A THIRD of public servants have observed wrongdoings in their agencies they consider “very” or “extremely” serious, but have failed to act upon the situation by reporting…

A THIRD of public servants have observed wrongdoings in their agencies they consider “very” or “extremely” serious, but have failed to act upon the situation by reporting it.

The news comes from a report by academics at Griffith University calling for legislative reform around public whistleblowing, as well as a revamp of the operations systems at public agencies used to manage whistleblowers, and the associated support programs.

The special minister of state John Faulkner launched the study in a speech last week which said that legislation would be the preferred model for protecting whistleblowers in the future and that the research by Griffith University would provide the framework.

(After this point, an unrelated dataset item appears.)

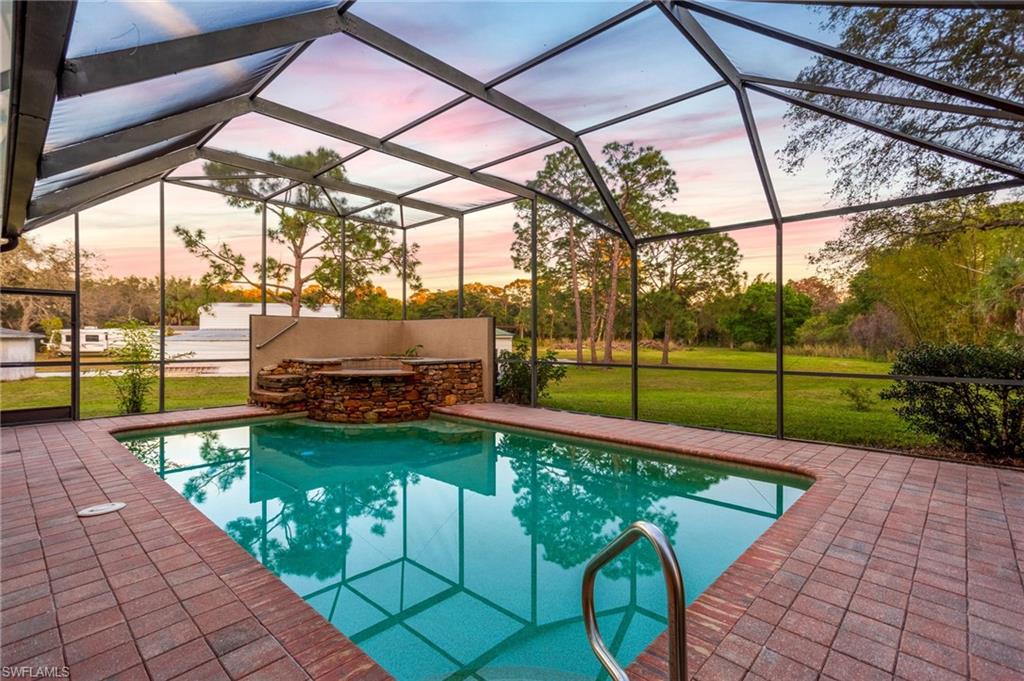 Screened enclosure featuring a rectangular pool with integrated spa and stone surround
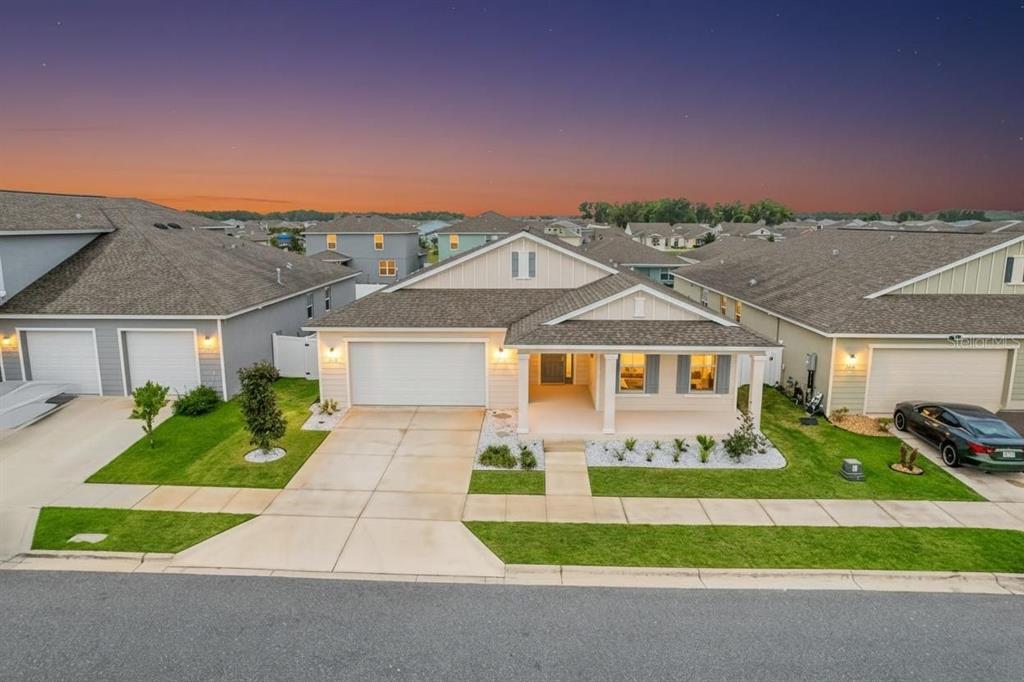 An exterior view of a single-story suburban house with a two-car garage and front porch — 6200 SW 72ND TERRACE, OCALA, FL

Faulkner said that transparency was essential for accountability, and that the government was “committed to broadening and strengthening public interest disclosure measures through a pro-disclosure system across the Australian Government sector so that proper reporting and investigation systems are put in place”.

Such reform could see the removal of criminal penalties for whistleblowers in the public sector — protecting whistleblowers from liability and offering them the ability to claim financial compensation if they suffer reprisals as a result of their disclosure.

About a fifth of those same employees have formally reported a wrongdoing in their organisation with the most likely candidate to do so being female and, surprisingly, not disgruntled by their working situation or driven to report wrongdoings due to perverse personal reasons. Of those who do make a report, 37 per cent don’t believe their disclosure was investigated.

It’s rare, though, to hit up the media in the first instance to acknowledge the wrongdoing. — 97.1 per cent of public interest whistleblowers report internally initially, with only 9.7 per cent of whistleblowers ever involving external agencies or the media at any stage of the process.

Based on interviews with 7500 public servants over three years, the report, Whistleblowing in the Australian Public Sector, is the largest study of its kind undertaken in Australia.